Parmi mes hobbies, la lecture de la une des quotidiens grecs me permet de prendre la température du climat politique du pays. C'est un journal hors du temps, étranger aux titres racoleurs, qui a retenu mon attention cette semaine, Estia. Plus que centenaire, ce quotidien peut se prévaloir du titre du plus ancien journal hellénique, publié quasiment sans interruption depuis 1876 !
Dans le même immeuble depuis l'origine, avec la même maquette et sur les mêmes machines – Estia n'est passé aux rotatives modernes qu'en 1997, faute de pouvoir encore se procurer les pièces de rechange de ses linotypes ! – ce journal est le seul à être écrit avec des oxeies et des perispomenes, et en katharevousa !
Tantôt conservateur, tantôt libéral, mais reposant sur le seul soutien de ses quelques milliers de lecteurs, Estia affiche une indépendance constante vis-à-vis des centres de pouvoir, économique, politique ou social, qui fait sourire les loups impitoyables, s'incliner de respect et d'admiration les âmes sensibles, les caméléons opportunistes et les crocodiles hypocrites…. Mais s’il est un point sur lequel tous s’accordent, c’est bien celui de son ton modéré et de la pertinence de ses analyses, résultat de son détachement temporel…
Eh bien, en cette semaine occupée par les discours traditionnels de rentrée politique à la Foire internationale de Thessalonique du premier ministre et des leaders de l'opposition, Estia a eu la lumineuse idée de remonter le temps – Oh ! N'allez pas imaginer qu'ils allaient fouiller dans leurs archives centenaires, juste remonter à douze mois.
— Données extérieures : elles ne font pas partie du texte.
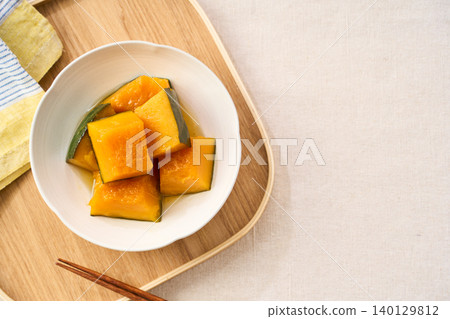 Simmered pumpkin: A classic Japanese home-style dish. Simmered pumpkin: A classic Japanese home-style dish. 140129812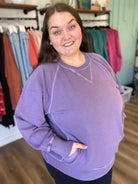 Shop Pigment Dyed Pullover with Pockets - Lilac-XL at Ruby Joy Boutique, a Women's Clothing Store in Pickerington, Ohio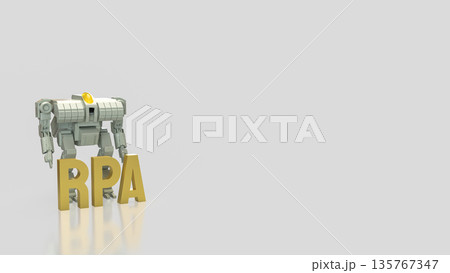 Robotic Process Automation Technology Concept with Industrial Robot 3d render. 135767347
Le vénérable journal a donc publié pendant deux jours consécutifs de larges extraits du discours de l'ancien premier ministre Costas Caramanlis, puis de celui de son challenger socialiste Georges Papandréou. Pour mémoire, ces discours de rentrée politique étaient aussi les principaux discours électoraux puisque des élections législatives anticipées étaient annoncées quatre jours plus tôt et programmées quelques semaines plus tard.
Des élections que le premier ministre d'alors disait conduire à contrecœur, obligé du fait que le PASOK avait annoncé sa volonté de provoquer de toute façon des élections anticipées, en février 2010, à l'occasion de l'élection du président de la République pour laquelle une majorité des deux tiers est requise.
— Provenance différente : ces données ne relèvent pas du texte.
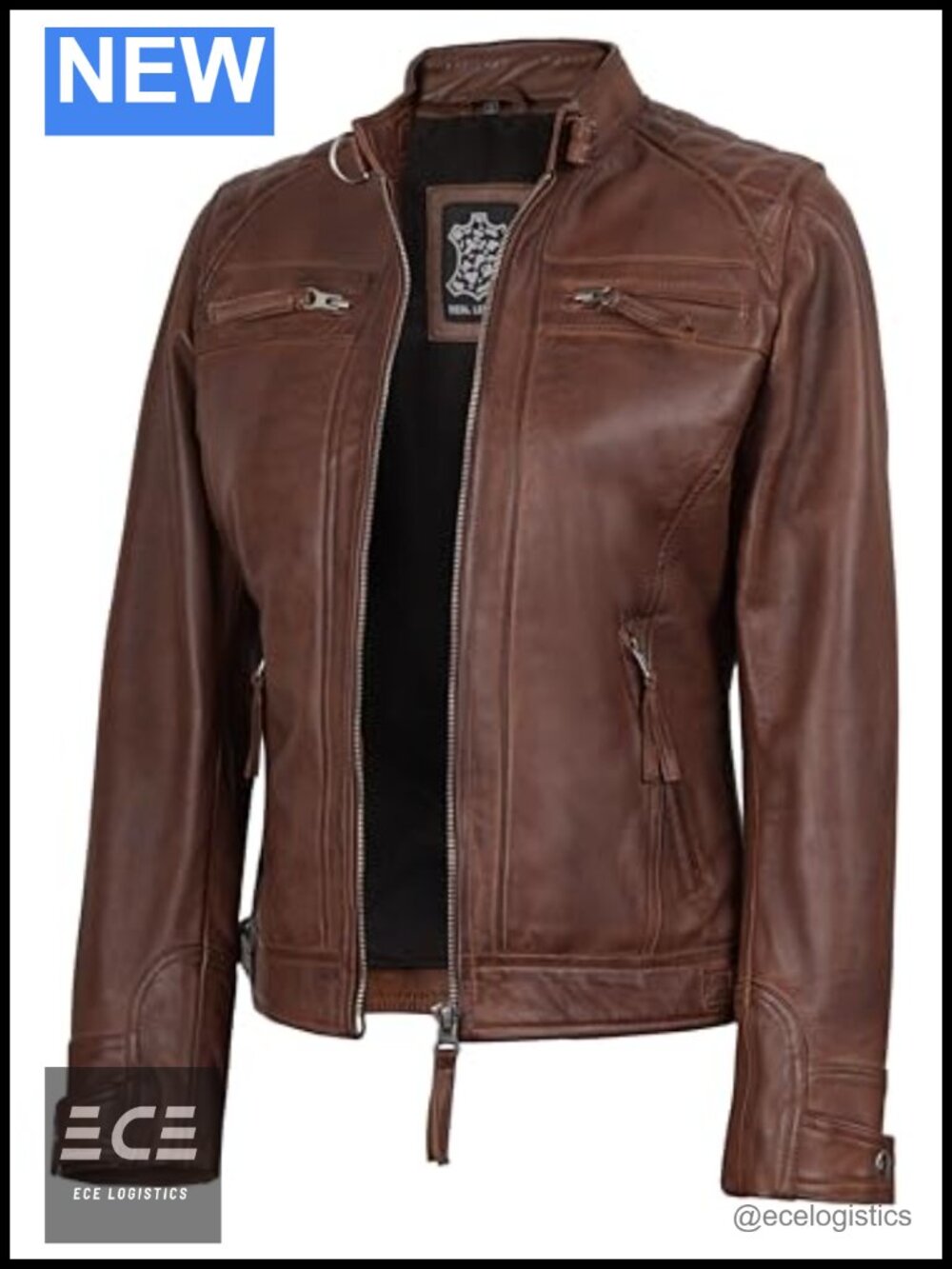 Lambskin Leather Moto Jacket Quilted Cafe Racer Zip Up Biker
"Cette attitude du PASOK", avait dénoncé M. Caramanlis, "a englué le pays dans six mois de période électorale avec des conséquences catastrophiques pour l'économie, alors que l'opposition avait également encouragé cette tendance en présentant d'importantes revendications, et parce que le gouvernement n'a pas eu le temps d'appliquer son programme".
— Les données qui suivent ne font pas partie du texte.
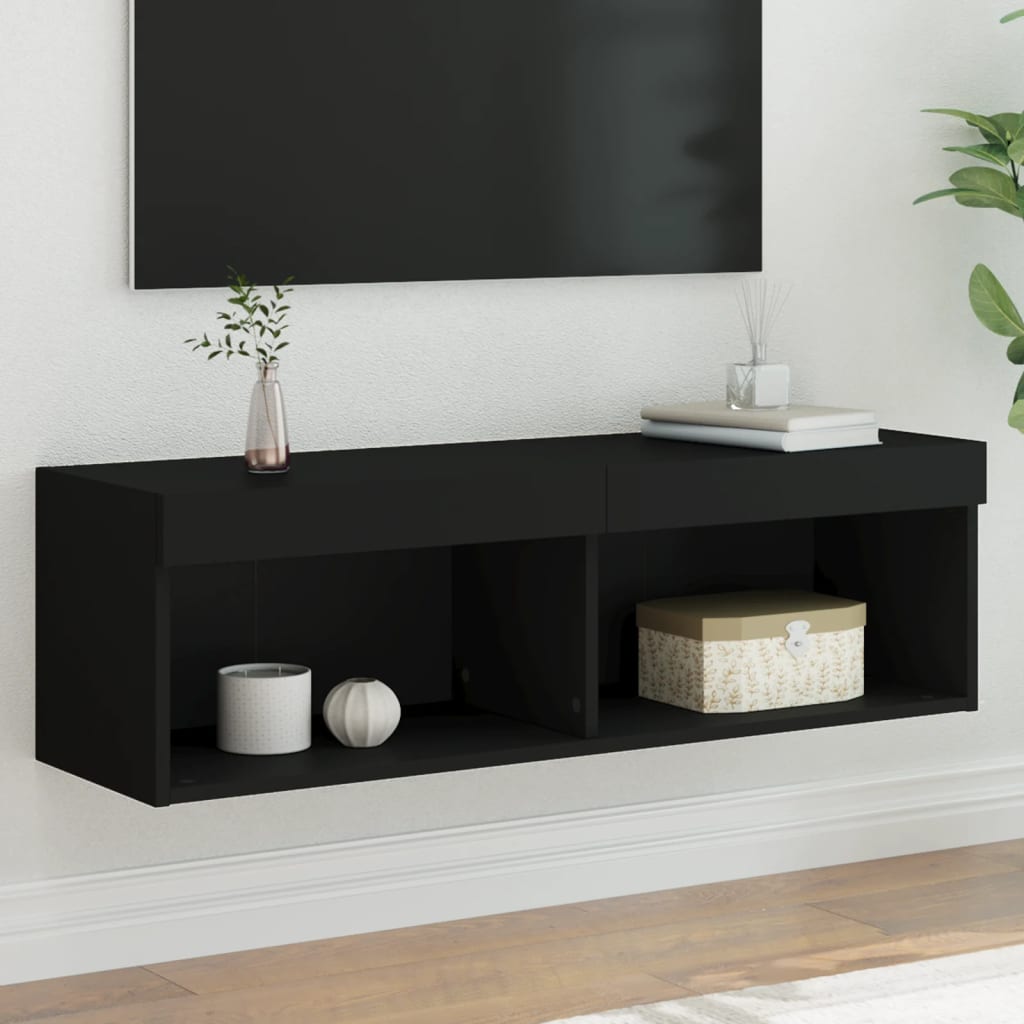 Noptiere Cu Lumini Led Montate Pe Perete, 2 Buc.,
Nous nous permettons de reprendre l'idée d'Estia et de publier, à notre tour, la traduction de ces deux discours, ci-après. La conclusion s'impose d'elle-même pour qui connaît la suite de la victoire de Georges Papandréou à ces élections, c'est-à-dire la plongée de la Grèce dans une crise sans précédent et sa mise sous tutelle de l'Union européenne et du Fonds monétaire international.
L'aveu et le remède
Costas Caramanlis, premier ministre à l'époque et candidat à sa succession, 05/09/2009 :
« Les conséquences de la crise [internationale, ndlr] ne laissent aucun doute sur la suite. Vont venir deux années très difficiles. Notamment 2010 sera déterminant pour la marche de notre économie. Pour cela, nous devons appliquer immédiatement les politiques qui siéent. Non seulement pour traverser la crise avec le moins de conséquences possibles, mais aussi pour installer les fondations solides qui assureront un développement à long terme. [...]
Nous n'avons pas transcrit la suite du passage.